Nothing on my site links to an index file, always link to the directory, seeing as index is default anyhow.
But, I'd like to hear the solution, too.
[webmasterworld.com...]
There are a few others in the Apache forum which may give other solutions. The problem with your current solution is that you still have the potential that the same page is available with 3 different URIs:
http://www.example.com/ http://www.example.com/index.htm http://www.example.com/index.html (Assuming you are redirecting non-www to www or vice-versa, else you have several more combinations). To avoid indexing problems by the search engines it is best to stick to one URI per resource. You have already done the right thing by not explicitly linking to the index.? page but to be certain you should try removing any index.html requests and 301 redirect them to the root or folder name.
RewriteCond %{THE_REQUEST} ^[A-Z]{3,9}\ /.*index\.html\ HTTP/
RewriteRule ^(.*)index\.html$ http://mydomain.com/$1 [R=301]
...and it worked perfectly. So, I figured I'd do the same thing with the index.htm page:
RewriteCond %{THE_REQUEST} ^[A-Z]{3,9}\ /.*index\.htm$\ HTTP/
RewriteRule ^(.*)index\.htm$ http://mydomain.com/$1 [R=301]
...but that doesn't work. Going to mydomain.com/index.htm still leaves the index.htm portion in the address bar. Any ideas why that could be? I don't know these rewrite things well enough to recognize potential problems.

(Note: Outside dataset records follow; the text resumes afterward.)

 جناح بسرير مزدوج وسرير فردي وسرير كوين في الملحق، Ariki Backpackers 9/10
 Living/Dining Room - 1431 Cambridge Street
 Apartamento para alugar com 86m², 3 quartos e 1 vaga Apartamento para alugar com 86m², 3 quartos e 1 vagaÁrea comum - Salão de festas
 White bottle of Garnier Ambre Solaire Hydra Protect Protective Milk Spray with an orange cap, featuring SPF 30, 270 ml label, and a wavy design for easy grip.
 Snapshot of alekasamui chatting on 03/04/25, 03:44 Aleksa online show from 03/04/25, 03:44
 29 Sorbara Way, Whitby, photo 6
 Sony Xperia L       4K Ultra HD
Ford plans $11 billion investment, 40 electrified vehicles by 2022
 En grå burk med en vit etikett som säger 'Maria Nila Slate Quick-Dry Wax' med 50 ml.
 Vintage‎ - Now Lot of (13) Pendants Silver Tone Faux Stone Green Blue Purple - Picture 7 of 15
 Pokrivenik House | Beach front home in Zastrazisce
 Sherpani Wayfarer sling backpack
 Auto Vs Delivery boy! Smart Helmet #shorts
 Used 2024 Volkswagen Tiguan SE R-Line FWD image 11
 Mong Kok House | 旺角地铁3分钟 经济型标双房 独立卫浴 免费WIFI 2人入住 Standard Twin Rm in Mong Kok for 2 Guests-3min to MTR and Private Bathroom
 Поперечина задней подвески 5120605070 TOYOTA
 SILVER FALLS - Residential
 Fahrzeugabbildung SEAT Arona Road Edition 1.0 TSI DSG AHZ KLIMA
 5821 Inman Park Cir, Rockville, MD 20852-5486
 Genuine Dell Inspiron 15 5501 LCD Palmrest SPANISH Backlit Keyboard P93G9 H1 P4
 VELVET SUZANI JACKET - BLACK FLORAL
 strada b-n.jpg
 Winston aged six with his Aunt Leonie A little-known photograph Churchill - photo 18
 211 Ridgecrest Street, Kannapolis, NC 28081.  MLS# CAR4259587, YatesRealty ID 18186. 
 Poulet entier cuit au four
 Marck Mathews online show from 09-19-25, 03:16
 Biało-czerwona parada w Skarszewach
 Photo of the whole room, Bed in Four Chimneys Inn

<edit> Naturally, I figure it out right after posting...For some reason I added the '$' at the end of the RewriteCond line for the htm rewrite. Taking that off solved the problem and now index.html and index.htm get stripped off. </edit>
Regarding any negative consequences to renaming the index page, I do always link to a directory, not the index.? page, so I don't have any internal links to worry about (unless there's one or two hanging around from years ago that I've managed to overlook so far.) Also, the very first rewrite rule in my .htaccess file strips off the w's from the address, assuming somebody uses them.